In your copy, include every line of the listing below exactly but none of the pictures.

## Given data

= Beginning of Section =

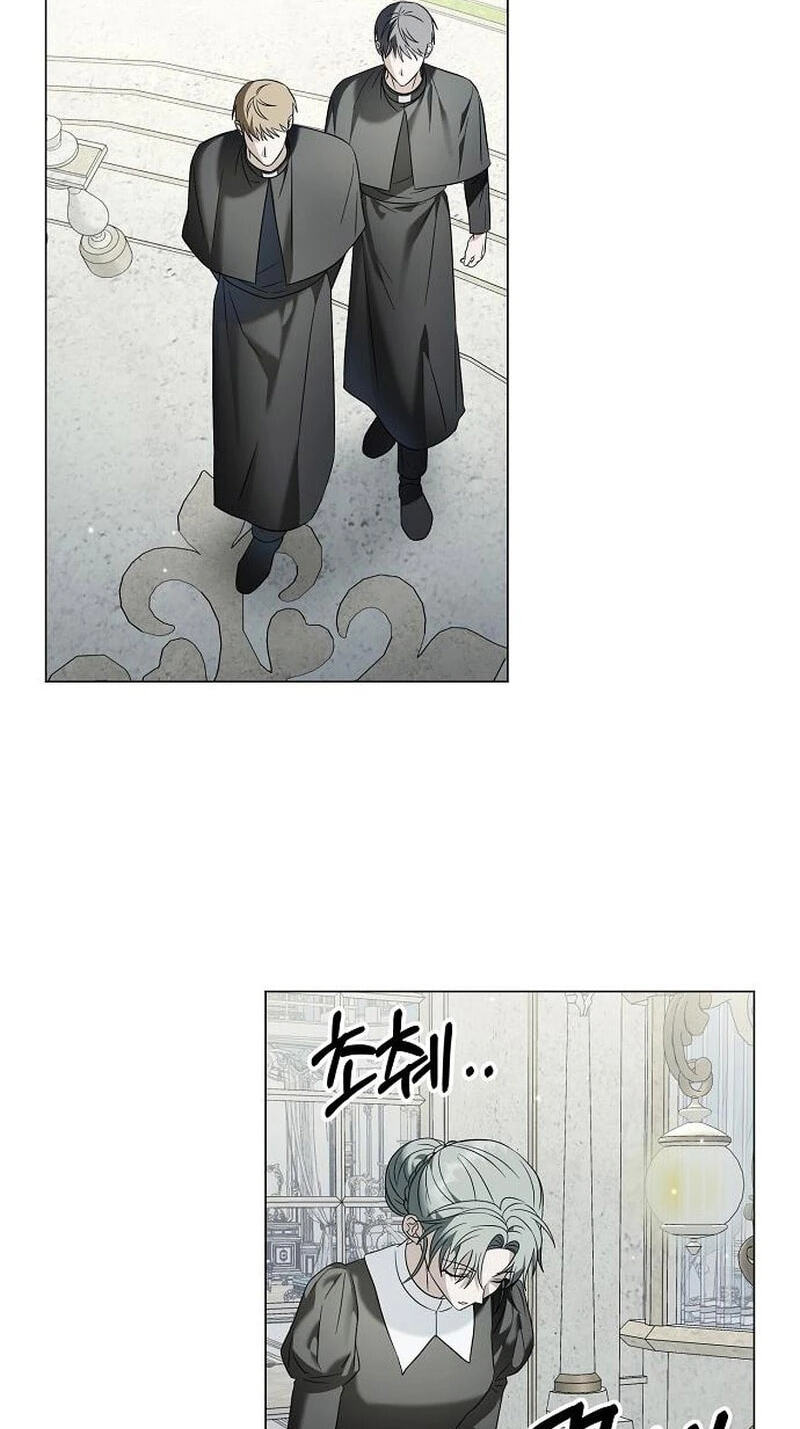 Read Too Late for Regrets chapter 92 image 57 on Lezhin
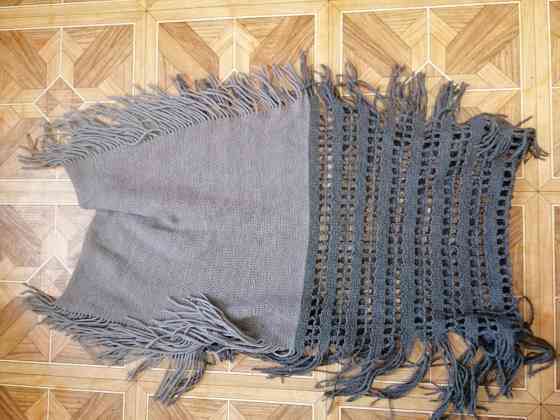 Продам шаль шарф снуд Донецк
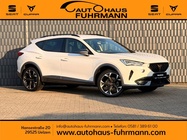 Cupra Formentor 2021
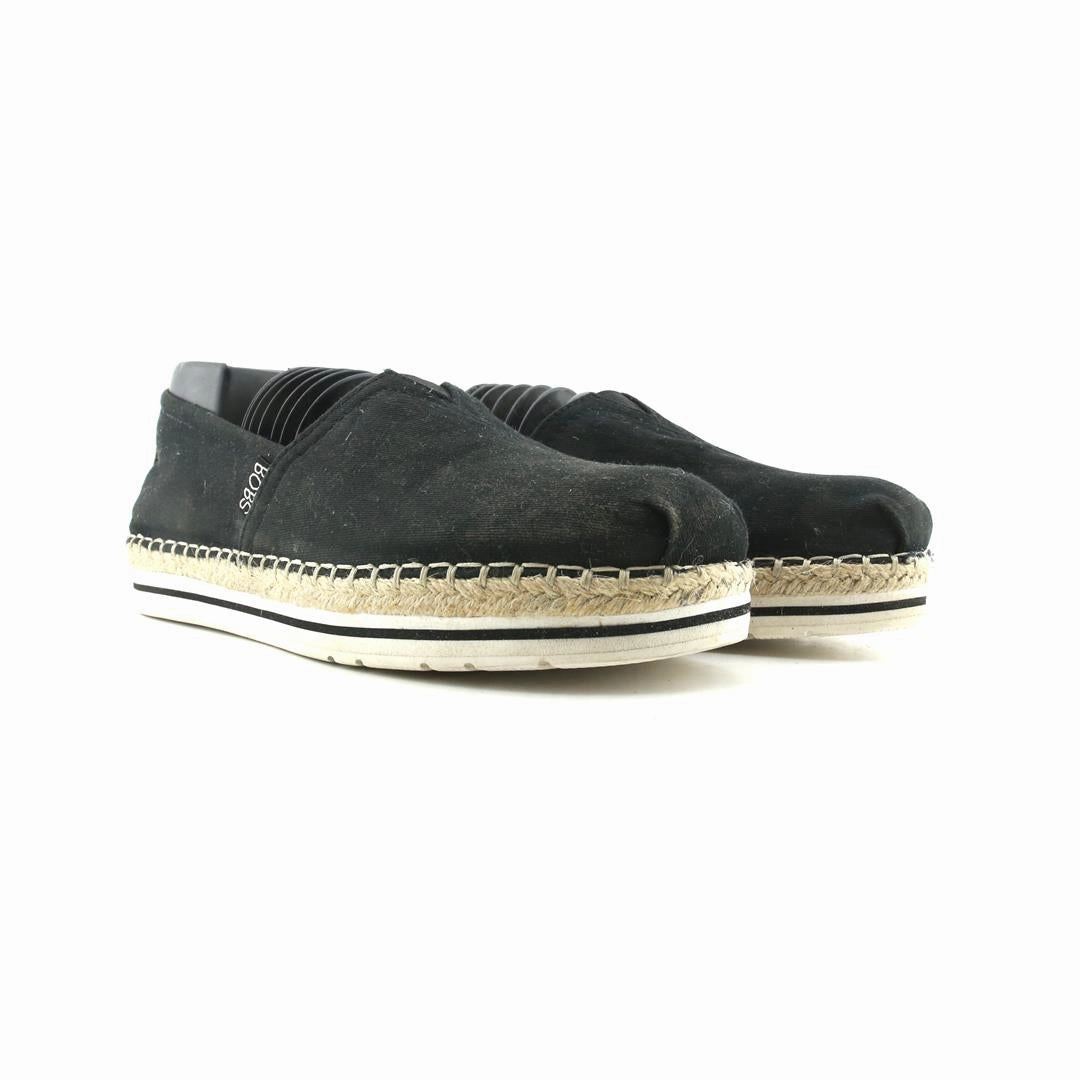 Skyla Bay Slip On Sneaker SKECHERS BOBS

= End of Section =

## Solved problem
 Read Too Late for Regrets chapter 92 image 57 on Lezhin
 Продам шаль шарф снуд Донецк
 Cupra Formentor 2021
 Skyla Bay Slip On Sneaker SKECHERS BOBS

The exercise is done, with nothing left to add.